In the early part of the 20th century, the Venezuelan government granted foreign oil companies concessions — agreements that allowed them to explore, drill and sell oil — for a cut of the companies’ profits. Venezuelan law stated that the concessions did not confer ownership.
“The Venezuelan state, at every point, always retained control of the subsoil. That means the oil was always Venezuela’s,” said Miguel Tinker Salas, a professor emeritus of history at Pomona College and the author of “The Enduring Legacy: Oil, Culture and Society in Venezuela.”
In the 1970s, the Venezuela government began nationalizing the oil industry. About 20 oil companies, mostly American subsidiaries, were affected and compensated.
In 2007, the Venezuela government, under President Hugo Chávez, took majority control of remaining foreign oil projects, and reached agreements with most companies, including Chevron.

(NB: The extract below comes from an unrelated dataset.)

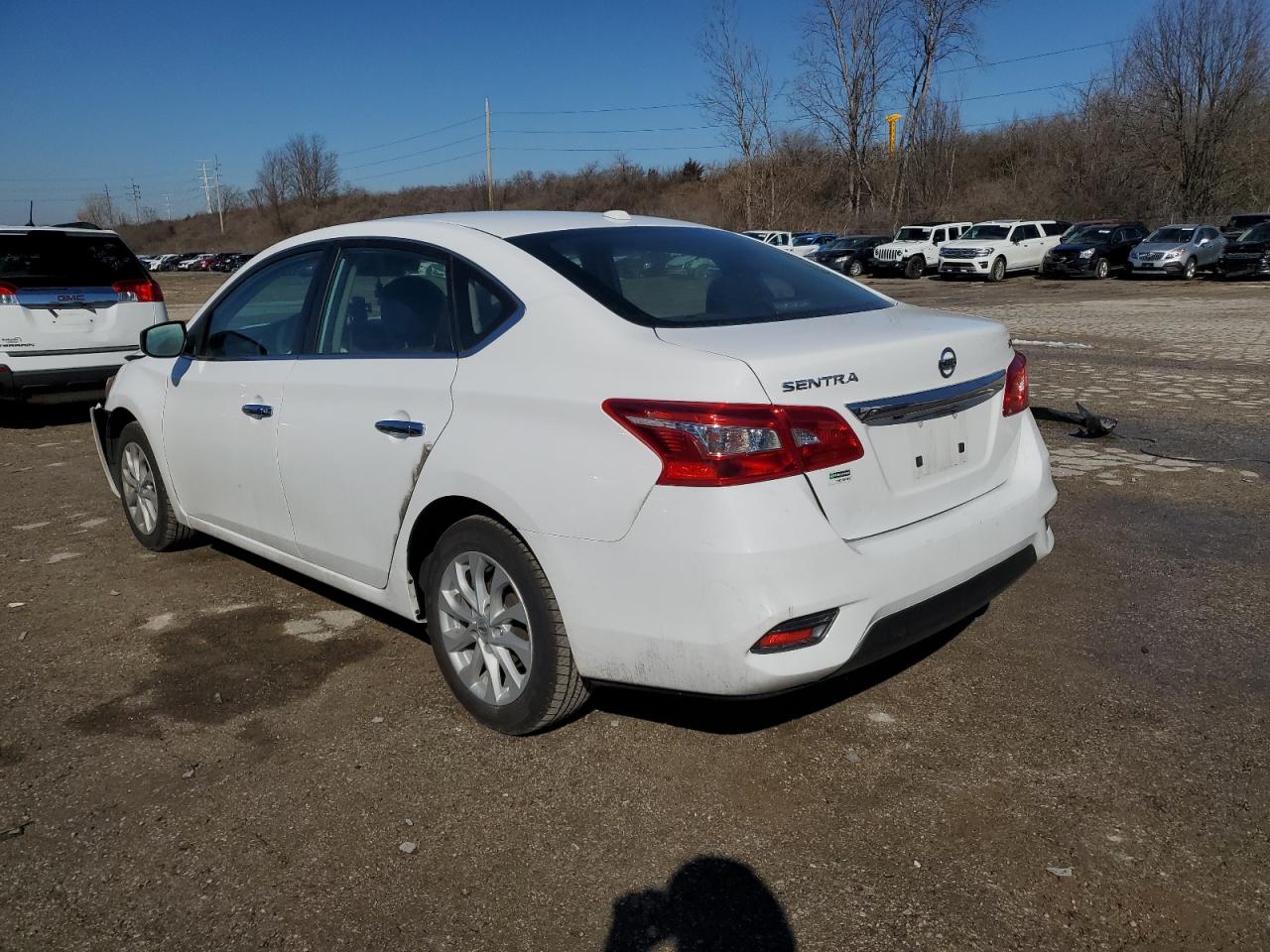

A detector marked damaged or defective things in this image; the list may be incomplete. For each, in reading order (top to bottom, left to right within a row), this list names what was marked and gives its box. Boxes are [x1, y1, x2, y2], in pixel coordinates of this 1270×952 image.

But two American companies, ConocoPhillips and Exxon Mobil, rejected the deal and were pushed out of the country. Each sued the Venezuelan government for unlawful confiscation. A White House spokeswoman cited these disputes as evidence of Mr. Trump’s claims.
ConocoPhillips was awarded $8.7 billion last year by a World Bank tribunal, and $2 billion from a separate tribunal of the International Chamber of Commerce in 2018, while Exxon was awarded $1.4 billion and $908 million. Both companies say they have yet to be fully compensated.
Linda Qiu is a Times reporter who specializes in fact-checking statements made by politicians and public figures. She has been reporting and fact-checking public figures for nearly a decade.